In Cody's absence, the Texans had the 31st-ranked rush defense in the preseason and gave up a league-worst 5.8 yards per carry. That somewhat reflects on backup nose tackle Earl Mitchell, who can rush the passer but doesn't have nearly the ability of Cody against the run. In Phillips's 3-4 scheme, the nose tackle must occupy multiple blockers and allow others to make plays. Cody has the combination of bulk and skill to do that. No one else on the roster does. Ra'Shon Harris showed promise the first two games, but like Butler is now out for the year with a torn triceps.

Besides Mitchell, the only other options are a pair of rookies. Fourth-rounder Jared Crick is best suited at end and most likely doesn't have the bulk to hold up inside. Hebron Fangupo had his moments, but was an undrafted rookie free agent. If a rotation player comes available, the Texans should take a long look.

 

2. Wide receiver This is more of a longshot, but Gary Kubiak does appreciate his veterans at receiver (Bryant Johnson, in 2011). Behind Andre Johnson and Kevin Walter, rookie slot man Keshawn Martin and second-year wideout Lestar Jean have sewn up roster spots but have nothing in the way of NFL regular-season experience.

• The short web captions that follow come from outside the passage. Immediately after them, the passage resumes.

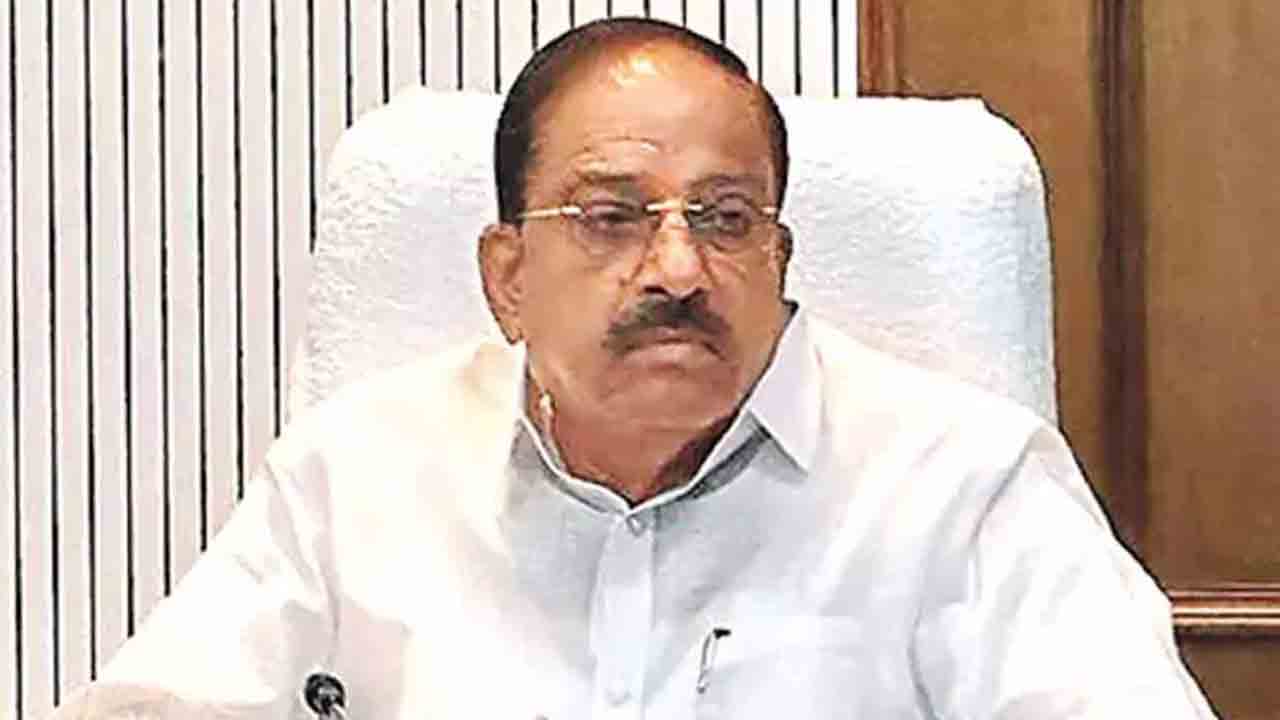 మంత్రి తుమ్మలతో సీఐ పైరవీ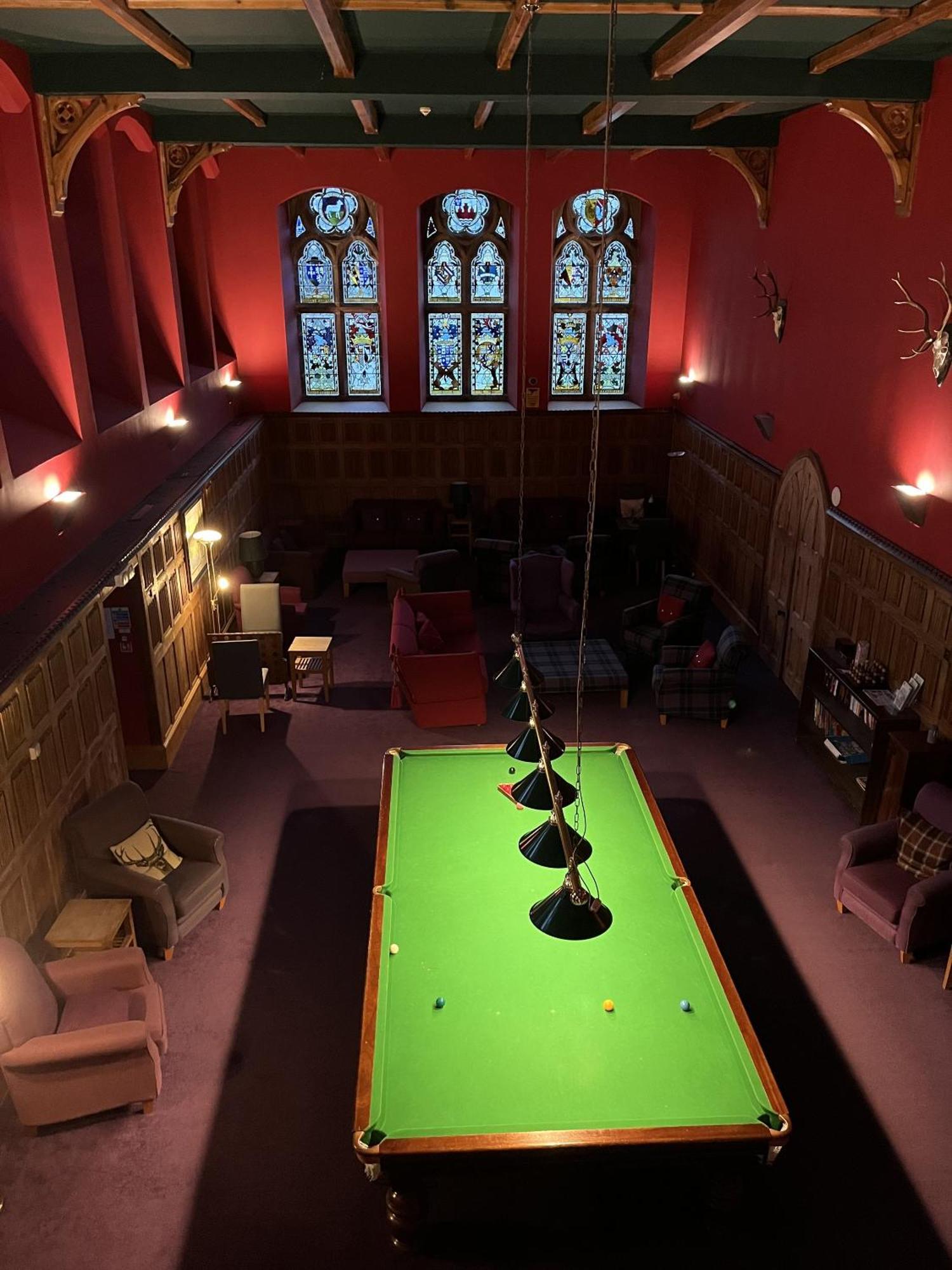 The Classrooms at Loch Ness Abbey: Lakeside Heritage Resort Fort Augustus Exterior photo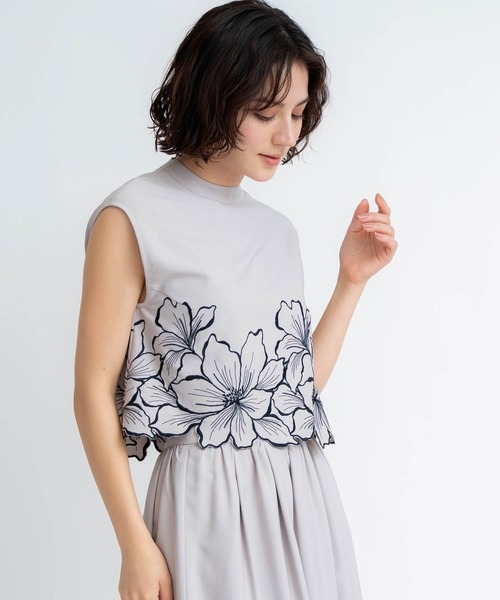 NOELA（ノエラ）の「フラワー刺繍ノースリブラウス（シャツ/ブラウス・レディース・オフホワイト/ベージュ・フリー）」の11枚目の写真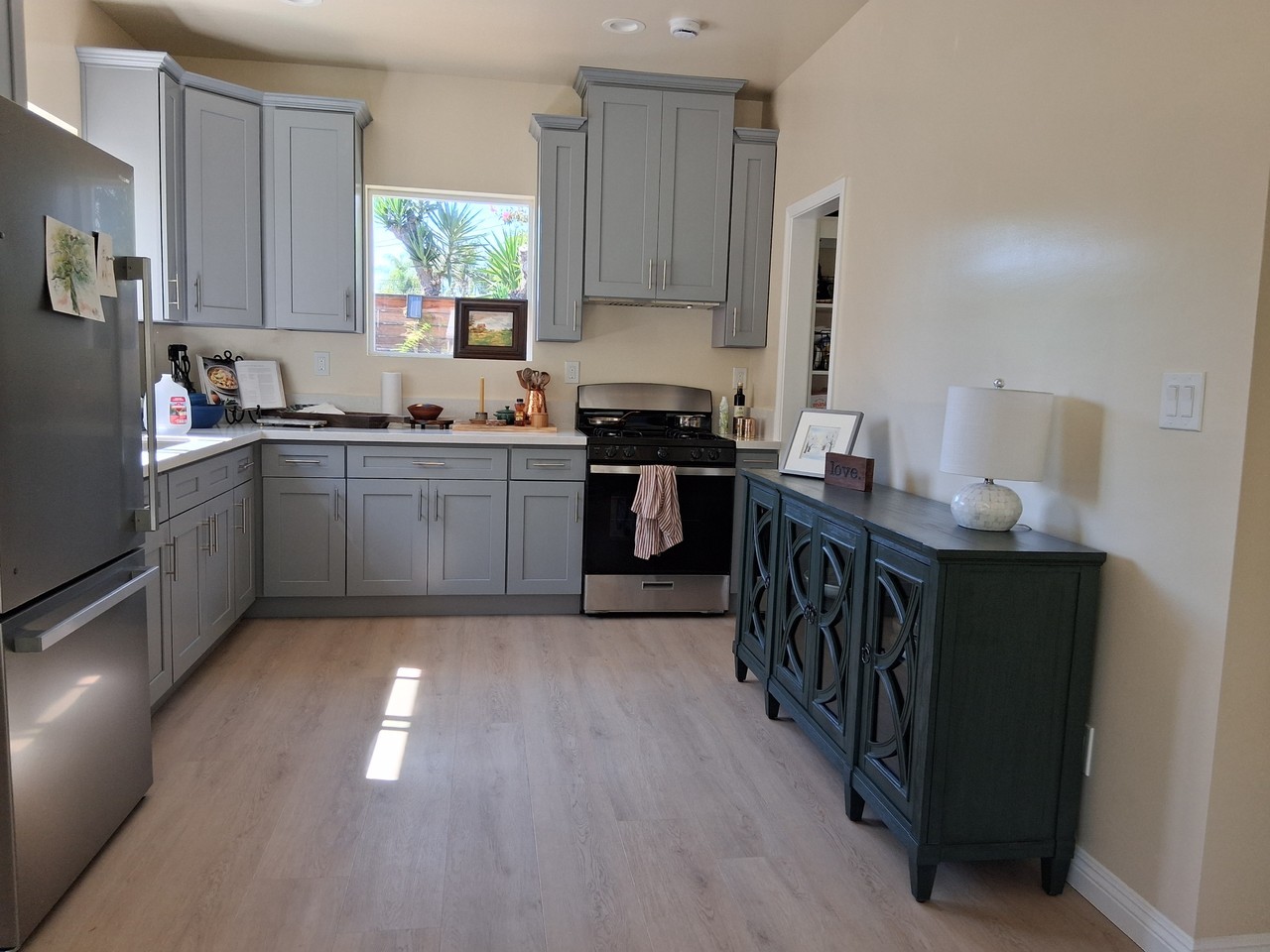 148 S Parish Pl #NA - Photo 2 of 9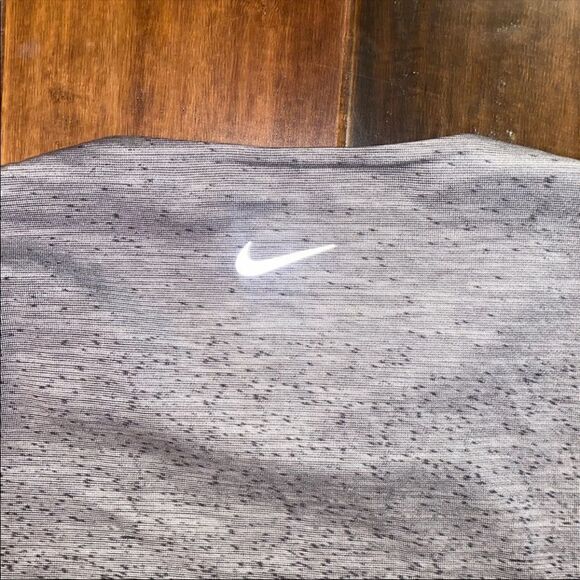 Nike Ladies Shirt   - Picture 3 of 4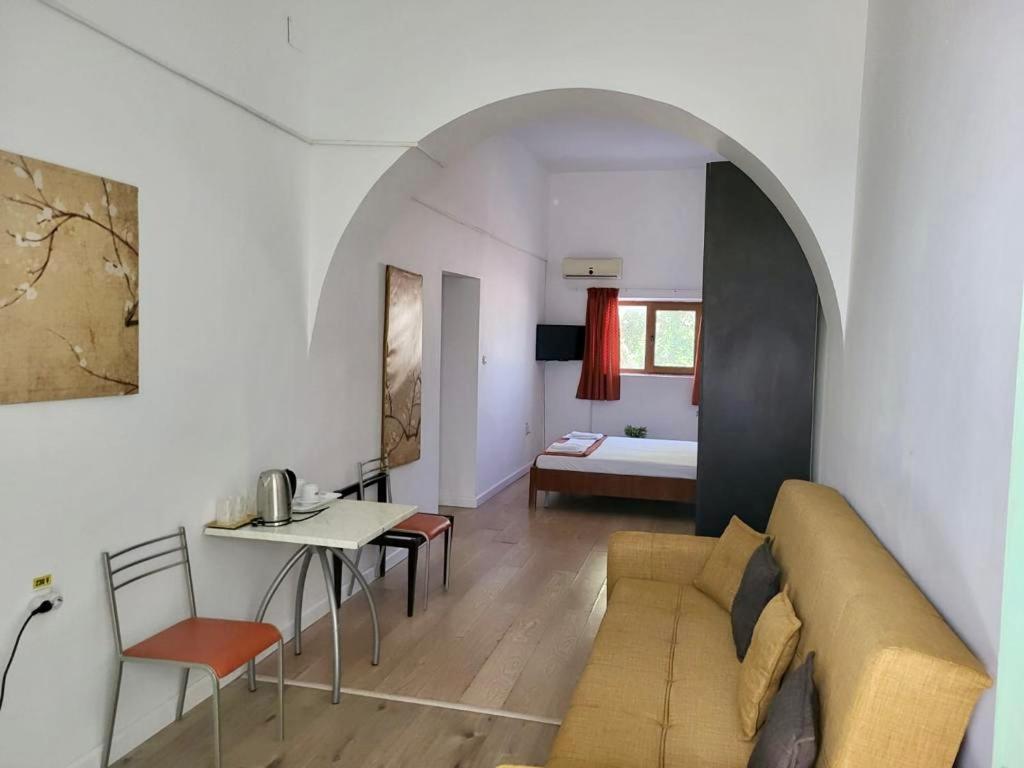 Hostel Cazino Nord Rooms มามายา ภายนอก รูปภาพ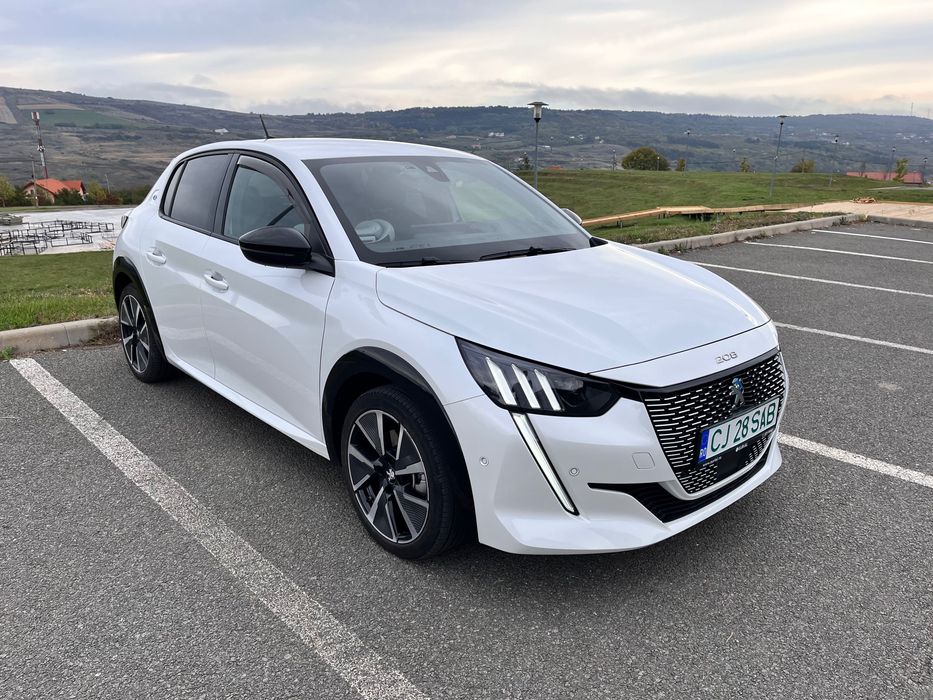 Peugeot e-208 GT Electric 100 kW / 136 CP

The smart money still says the Texans give the final two spots to Trindon Holliday, based on return skills, and DeVier Posey, because they invested a third-round pick on him. But that would be six receivers with only two having real game experience. That's not the typical Kubiak MO. If the right veteran receiver comes available, don't be shocked if Posey heads to the IR with a mysterious injury to make room.

1. Middle linebacker The outside group -- led by starters Connor Barwin and Brooks Reed and subbed by young pass-rushing fiends in Whitney Mercilus and Bryan Braman -- looks set. Brian Cushing, of course, has one middle spot on lockdown. The other middle position, however, has room for improvement.

We've written at length about the preseason struggles of aging ex-Cowboy Bradie James. Should James falter in the regular season, the alternatives are Tim Dobbins and Mister Alexander. Dobbins is ideal in his role as a run stuffer, but doesn't have the fluid movement to cover tight ends on passing plays.

That leaves Alexander as the lone James alternative on passing downs, and he's something of an unknown. He played extensively on special teams a year ago, but has little in the way of an in-game track record at linebacker. Depending on how the Texans viewed his training camp and practice performances, they could be tempted to look elsewhere.